American writers duly hogged the shortlist, and there was resentment among British writers and publishers that the spotlight had been turned away from British talent. Five years later there was a public protest from the Folio Academy, which includes Margaret Atwood, Ian McEwan and Zadie Smith, about the ubiquity of American writers on the prize shortlist, contrasting that with most of the American literary prizes which were not so generous to the world, and tended to champion homegrown talent.
The Brits should be wary of implying that the best musical talent is to be found outside Britain. The Brits should, indeed, be true to its own name and have faith in British talent, seeing how we have led the world musically since the Sixties boom. Much better than opening up the award to overseas artists would be to explore, and showcase to a huge national TV audience, some of those artists who have done so much to shape British music but have had so little prime-time exposure.
There is still a wealth of British talent, some of it relatively recent, some of it stretching back more than half a century, that deserves to be honoured for its outstanding contribution to our music and musical culture.
Some might say that some of the bands and artists I have mentioned are too old to have any resonance with a younger generation. But the joy of rock and pop music is that it has an appeal across the generations. The baby boomers were raised on music and listen to it every day. Millennials have a wide knowledge of pop’s history.
I have no realistic hope that the Brits will extend the boundaries of what they consider to be music and what they consider to be outstanding achievement, and consider the likes of Richard Thompson. But I do expect them to pay proper and long overdue homage to the likes of The Kinks, Led Zeppelin and Radiohead.
And frankly, if 39-year-old Pink can be honoured for her outstanding contribution to music, then isn’t Adele, who at 30 is not that much younger, also worthy of the top honour? Financially and artistically she is reckoned to be something of a saviour of the industry in recent times. I’d call that an outstanding contribution.
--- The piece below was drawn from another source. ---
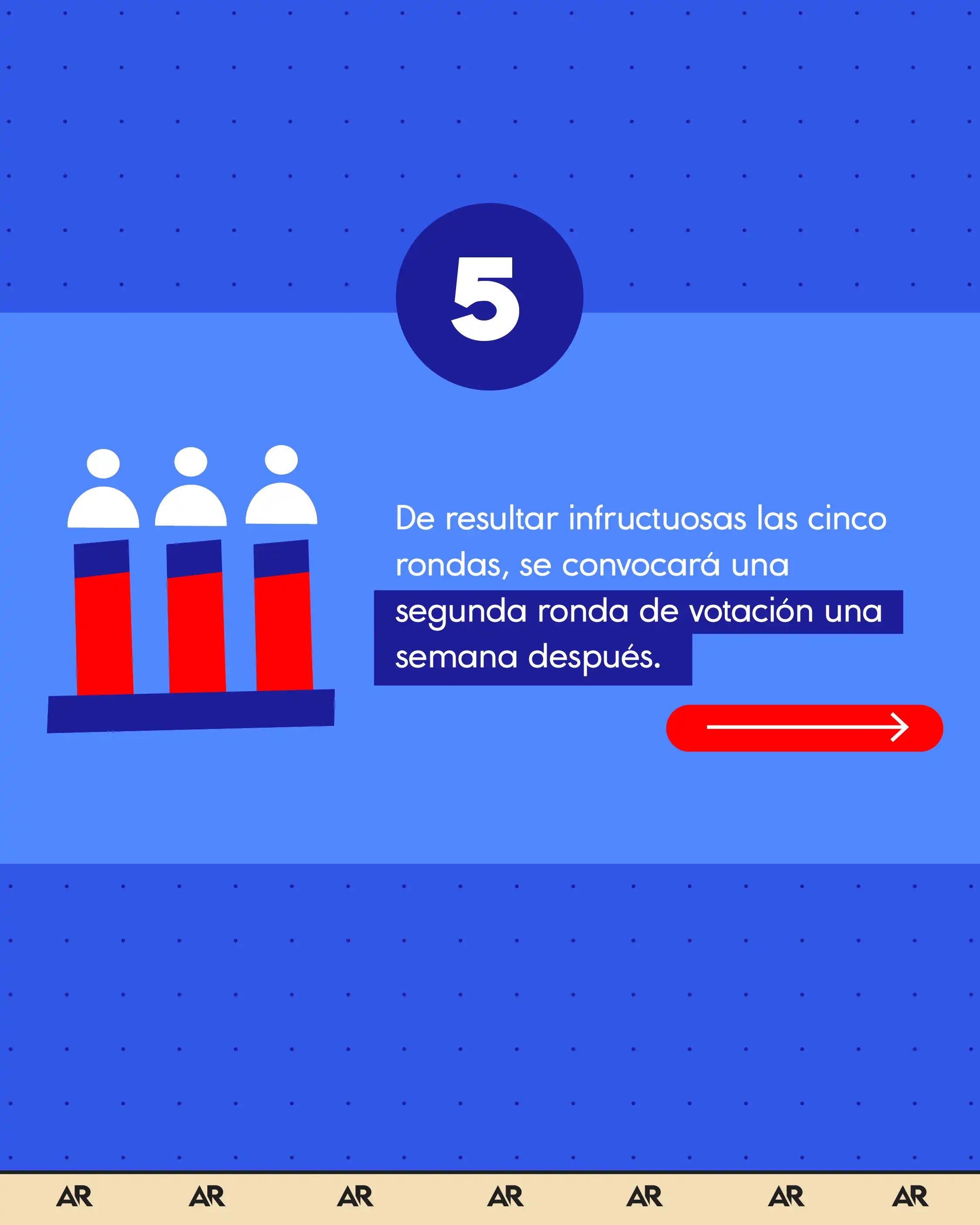Corte elige a su nueva presidencia: ¿cuáles son las reglas?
What, though, is to be hugely welcomed in Pink receiving the award is that she is the first solo female to do so in the history of the Brits. Just that fact makes one rubs one’s eyes in disbelief, not just for the general slight on solo female artists but for the particular omission of one British solo female artist.
Kate Bush is one of the most groundbreaking and revered British singer songwriters in the history of popular music. Yet her name does not figure in the history of Brit Award lifetime achievement winners. By what warped logic could that have happened?
The Brits need to look to Britain, widen their horizons, show imagination, and right the wrongs they have perpetuated with this award in the past.